──────── INFORMATION SUPPLIED ────────
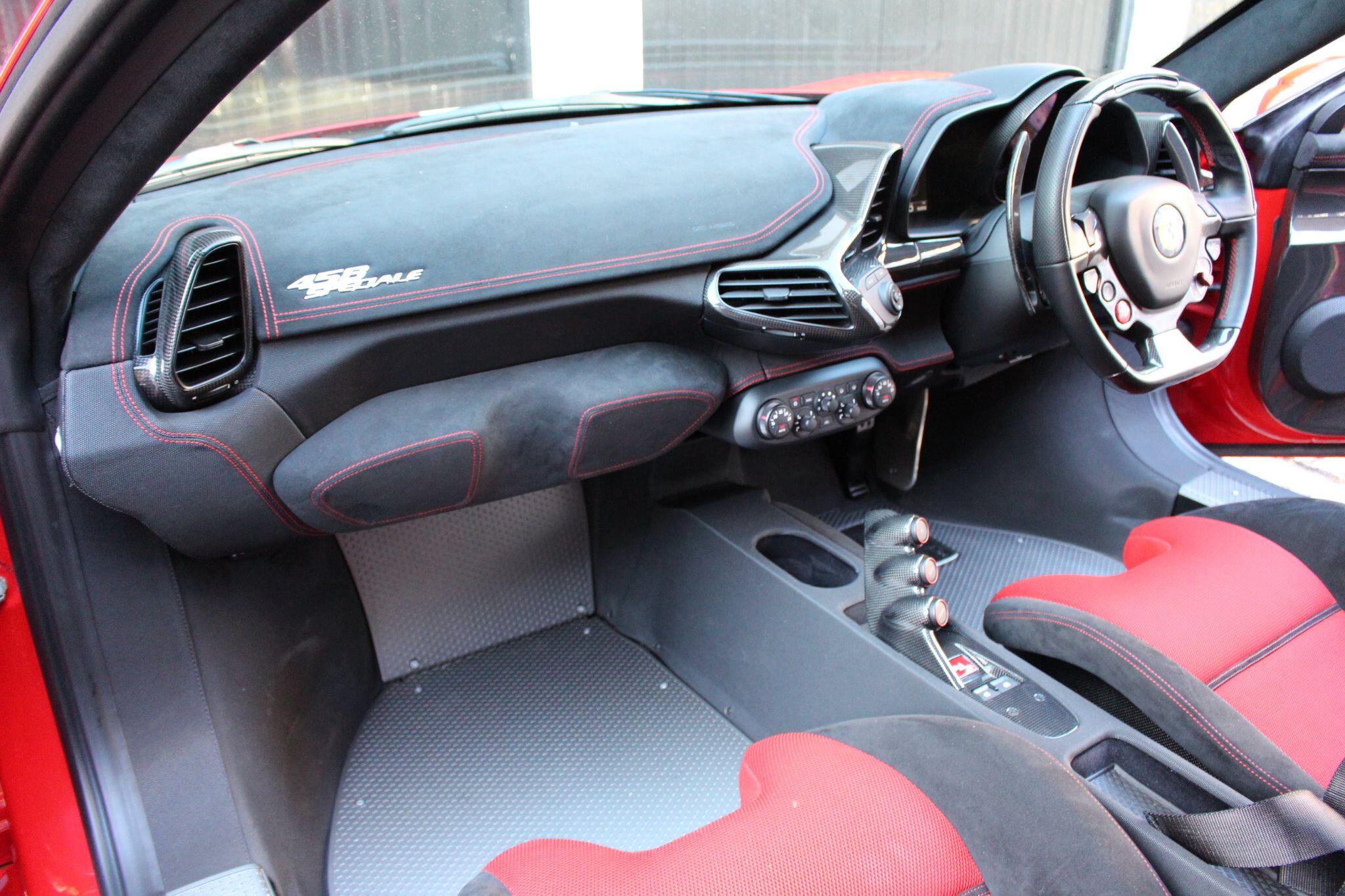 Ferrari 458 view 27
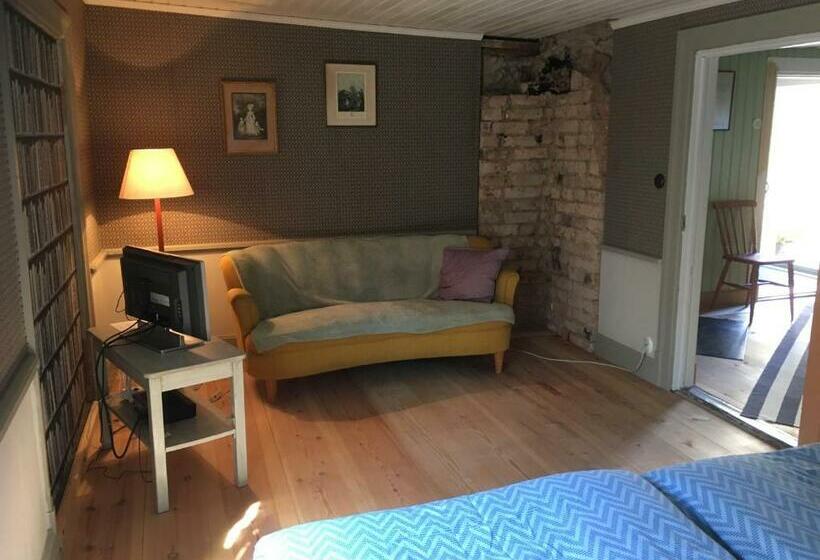 شقة غرفة واحدة, One Room Bed & Breakfast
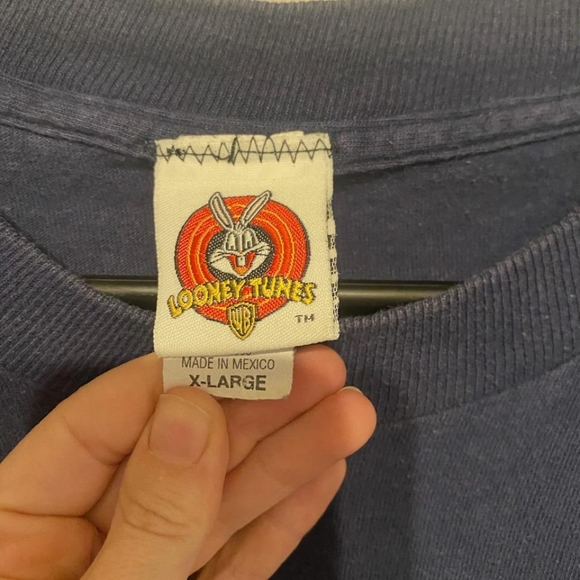 VINTAGE Tweety Bird T-shirt - Picture 2 of 2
────────
WHAT THE TASK ASKS
Give back exactly the lines from the line with "شقة غرفة واحدة, One Room Bed & Breakfast" through the end of the material above, inclusive, with no pictures.

EXERCISE RESULT
 شقة غرفة واحدة, One Room Bed & Breakfast
 VINTAGE Tweety Bird T-shirt - Picture 2 of 2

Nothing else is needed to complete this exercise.